There are two key variables in every experiment
The independent variable and the dependent variable. The independent variable is the variable whose change isn’t affected by any other variable in the experiment. Either the scientist has to change the independent variable herself or it changes on its own; nothing else in the experiment affects or changes it. Two examples of common independent variables are age and time. There’s nothing you or anything else can do to speed up or slow down time or increase or decrease age. They’re independent of everything else.
The dependent variable is what is being studied and measured in the experiment. It’s what changes as a result of the changes to the independent variable. An example of a dependent variable is how tall you are at different ages.

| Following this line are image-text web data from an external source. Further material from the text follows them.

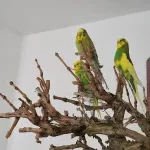 4 Notfederchen suchen dringend ein liebevolles Für-Immer-Zuhause Bild 3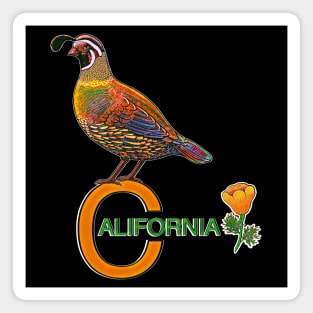 California quail state bird Californian poppy flowers Magnet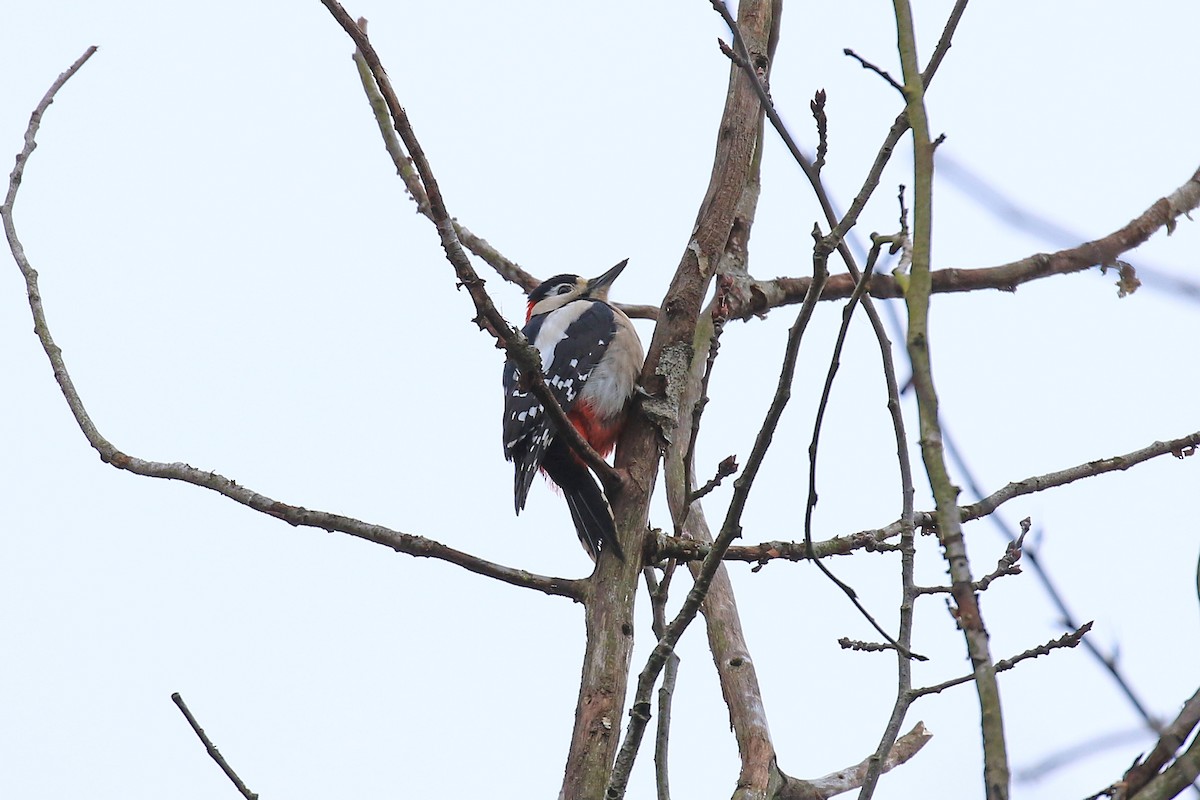 Great Spotted Woodpecker - ML526855581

The dependent variable (height) depends on the independent variable (age).
An easy way to think of independent and dependent variables is, when you’re conducting an experiment, the independent variable is what you change, and the dependent variable is what changes because of that. You can also think of the independent variable as the cause and the dependent variable as the effect.
It can be a lot easier to understand the differences between these two variables with examples, so let’s look at some sample experiments below.
Examples of Independent and Dependent Variables in Experiments
Below are overviews of three experiments, each with their independent and dependent variables identified.
Experiment 1: You want to figure out which brand of microwave popcorn pops the most kernels so you can get the most value for your money. You test different brands of popcorn to see which bag pops the most popcorn kernels.
- Independent Variable: Brand of popcorn bag (It’s the independent variable because you are actually deciding the popcorn bag brands)
- Dependent Variable: Number of kernels popped (This is the dependent variable because it’s what you measure for each popcorn brand)
Experiment 2: You want to see which type of fertilizer helps plants grow fastest, so you add a different brand of fertilizer to each plant and see how tall they grow.
- Independent Variable: Type of fertilizer given to the plant
- Dependent Variable: Plant height
Experiment 3: You’re interested in how rising sea temperatures impact algae life, so you design an experiment that measures the number of algae in a sample of water taken from a specific ocean site under varying temperatures.
- Independent Variable: Ocean temperature
- Dependent Variable: The number of algae in the sample
For each of the independent variables above, it’s clear that they can’t be changed by other variables in the experiment. You have to be the one to change the popcorn and fertilizer brands in Experiments 1 and 2, and the ocean temperature in Experiment 3 cannot be significantly changed by other factors. Changes to each of these independent variables cause the dependent variables to change in the experiments.